En France, le comportementalisme est encore prépondérant dans les pratiques éducatives actuelles (Jonnaert, 2002). Cette approche n’envisage pas l’existence de mécanismes internes

138 individuels et dénie le fonctionnement de la construction de la connaissance humaine. Malgré la faible mobilisation apparente de l’étudiant dans cette forme d’enseignement, ses partisans rappellent que cette situation suppose une rencontre entre un individu et un savoir qui sous- entend de fait, une forme d’activité de l’étudiant. Cette pédagogie incite principalement l’écoute, la concentration, l’attention et la prise de note.

La réflexion de l’étudiant n’est pas observable et c’est certainement cette absence d’indices perceptibles de l’activité intellectuelle de l’étudiant, qui conduit à désigner cette pratique comme une pédagogie passive (Lemaître, 2007). En effet, un observateur extérieur ne serait en mesure de percevoir que l’activité réelle de l’étudiant et non les dimensions du réel de son activité (Clot, 1999, 2006, 2008).

Tout un pan de cette activité relève d’une dimension privée et ne peut être explicitée que par l’étudiant lui-même. Clot considère le réel de l’activité comme allant au-delà de ce que réalise l’acteur. Le réel de l’activité est une épreuve subjective (Clot, 2006) lors de laquelle la personne se mesure à elle-même et aux autres par l’intermédiaire d’instruments qu’elle transforme et utilise pour tenter de réaliser son travail.
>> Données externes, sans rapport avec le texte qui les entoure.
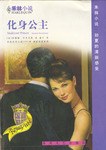 化身公主/禾林小说 pdf epub mobi 电子书 下载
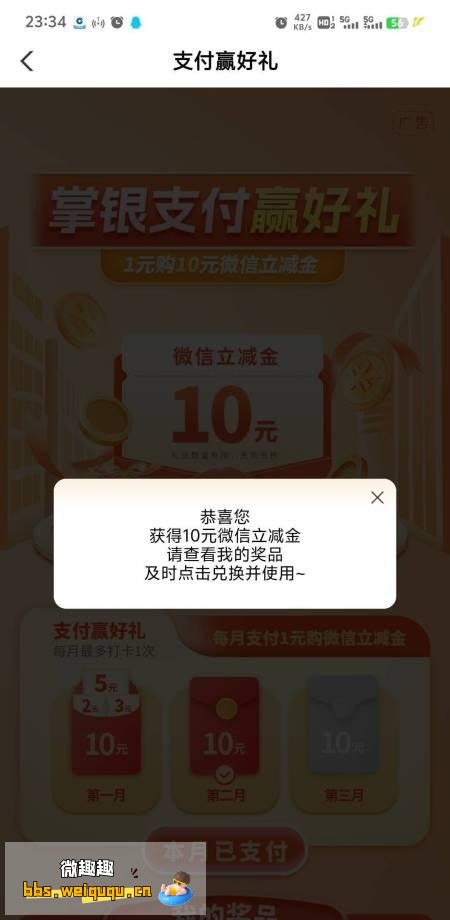 1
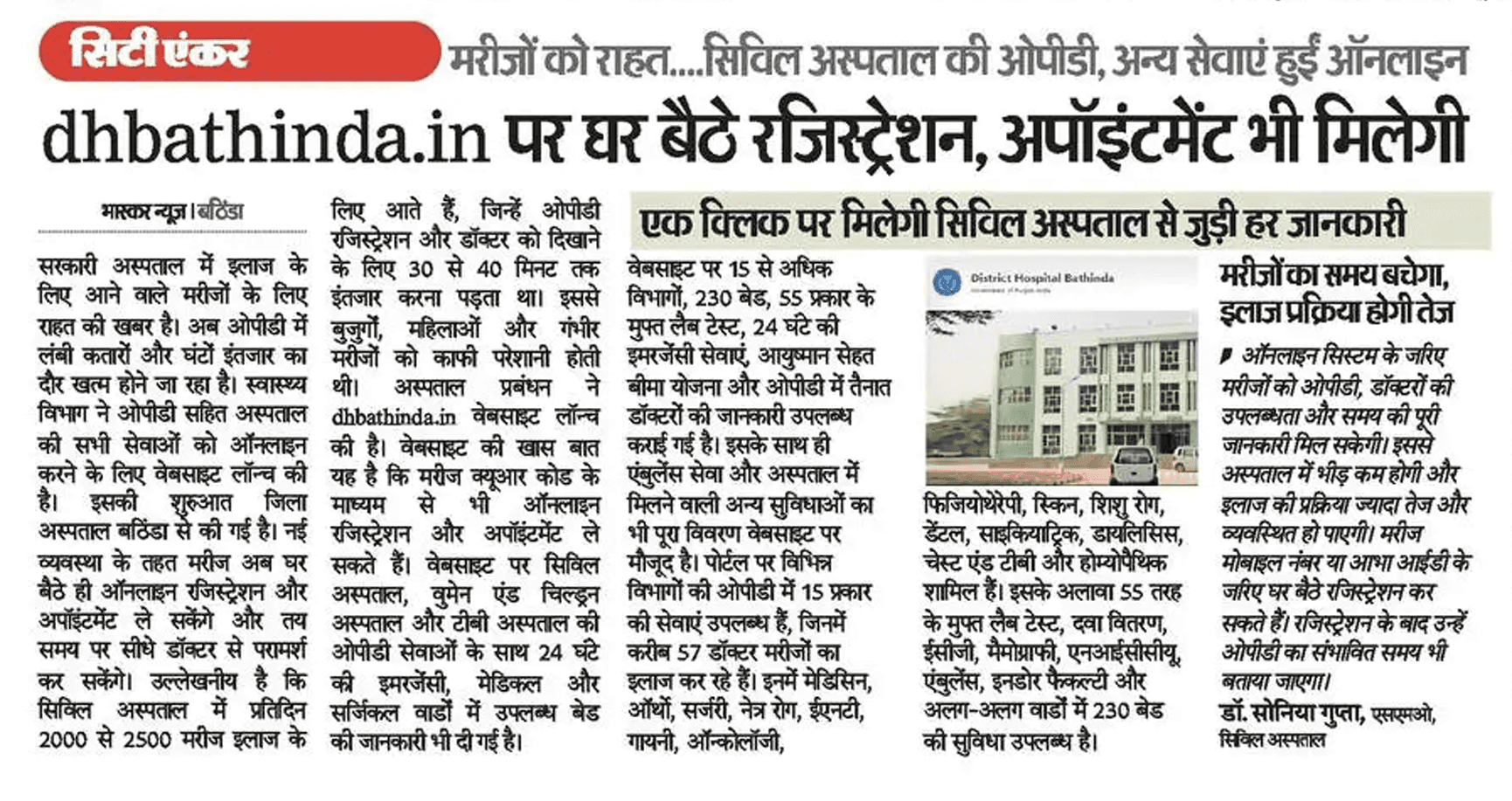 Latest News & Updates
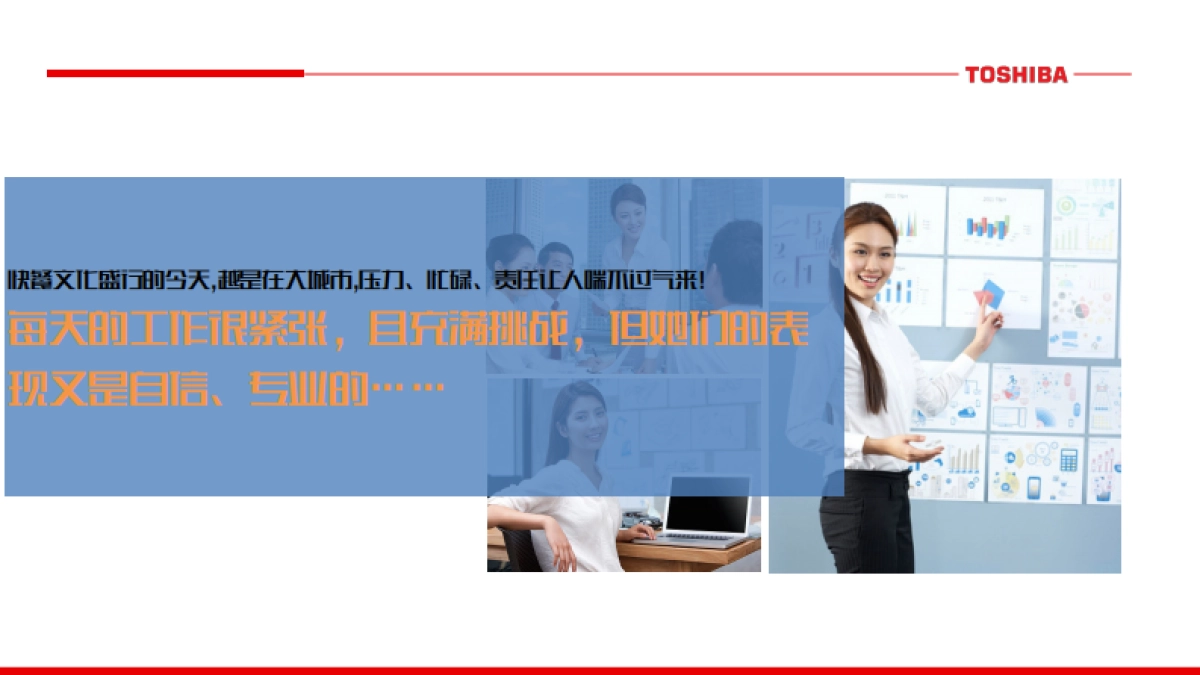 2018东芝厨电微信微博运营规划_第7页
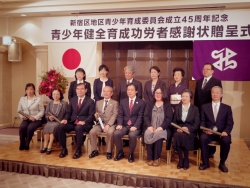写真:角筈地区の皆さん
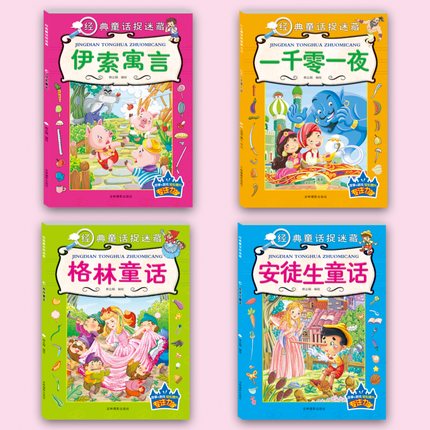 [醉染正版]卡迪 经典童话捉迷藏套装全4册 安徒生童话/伊索寓言/格林童话/一千零一夜 韩立娟 儿童专注力训练 益智高清大图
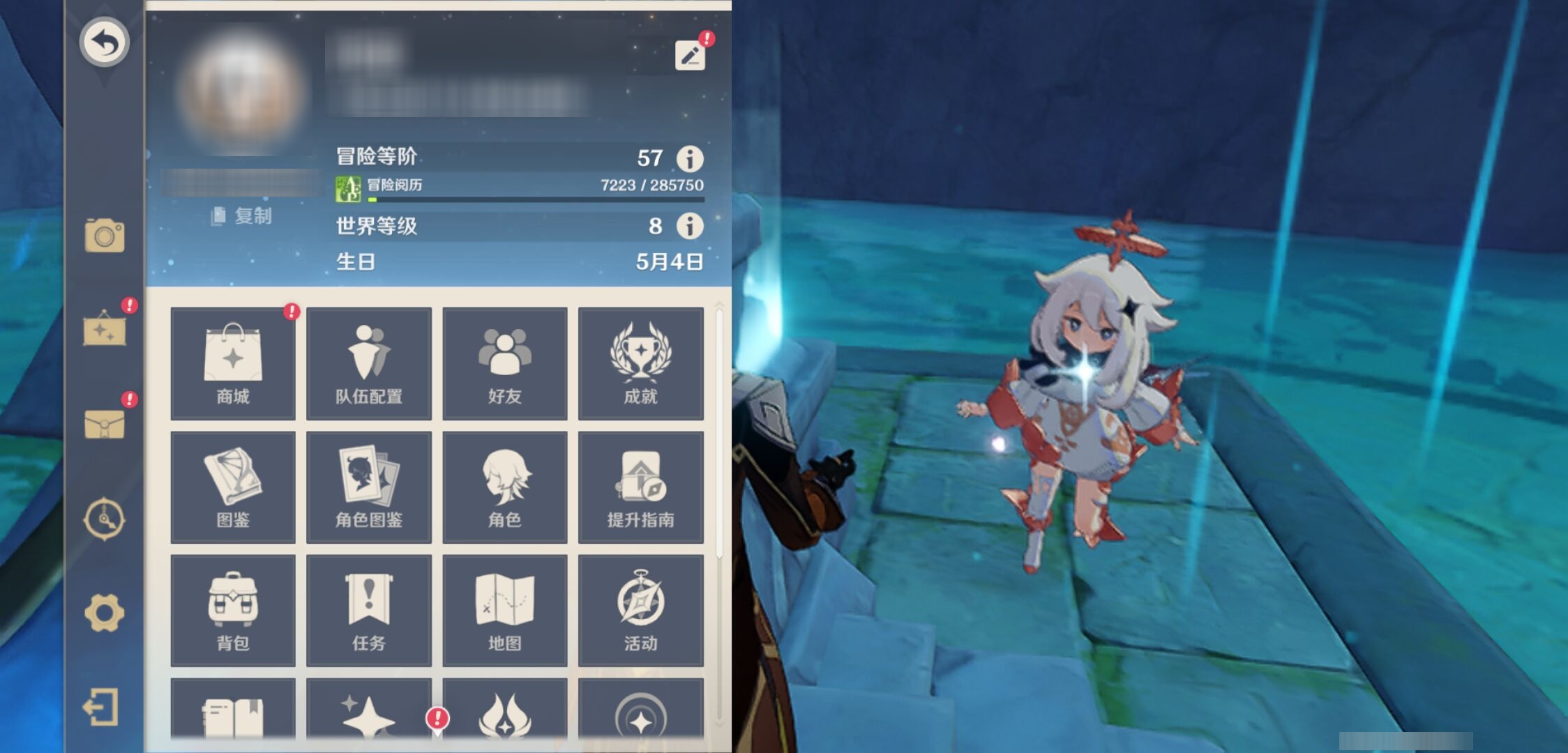 YSMK43734原神账号详情图6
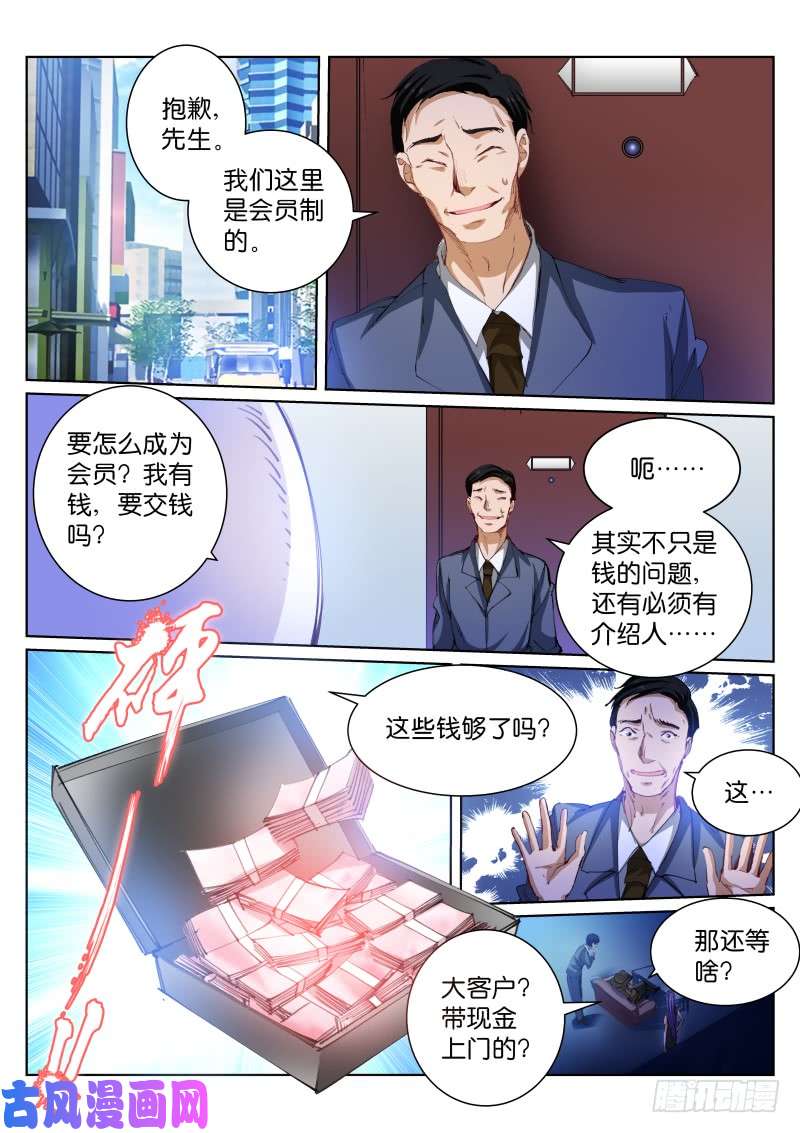 苍白王座漫画86 投资 砂之船动漫家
Les pédagogies dites actives, s’inscrivent dans le courant socioconstructiviste et privilégient un apprentissage centré sur une production active de l’étudiant plutôt que sur une transmission unilatérale du savoir. La pédagogie active sollicite un engagement de l’étudiant dans ses actions d’apprentissage en modifiant également son rôle (Lemaître, 2007).

En effet, l’étudiant doit activer ses connaissances antérieures, les actualiser et les contextualiser. Il doit être en mesure de susciter le conflit cognitif et sociocognitif dans la confrontation à des savoirs et savoir-faire nouveaux ainsi que dans la rencontre avec le point de vue et la compréhension d’autrui (Jézégou, 2010 ; Ketele, 2010). Cette pédagogie incitative s’accompagne entre autre chose d’une reformulation des contenus et d’une redéfinition du statut de la connaissance.

Cette dernière est envisagée à travers un processus de construction qui passe par une mise en acte de l’étudiant. Ainsi, la présence de ce dernier est mobilisée d’une façon qui entre en contradiction avec son rôle dans une pédagogie plus transmissive.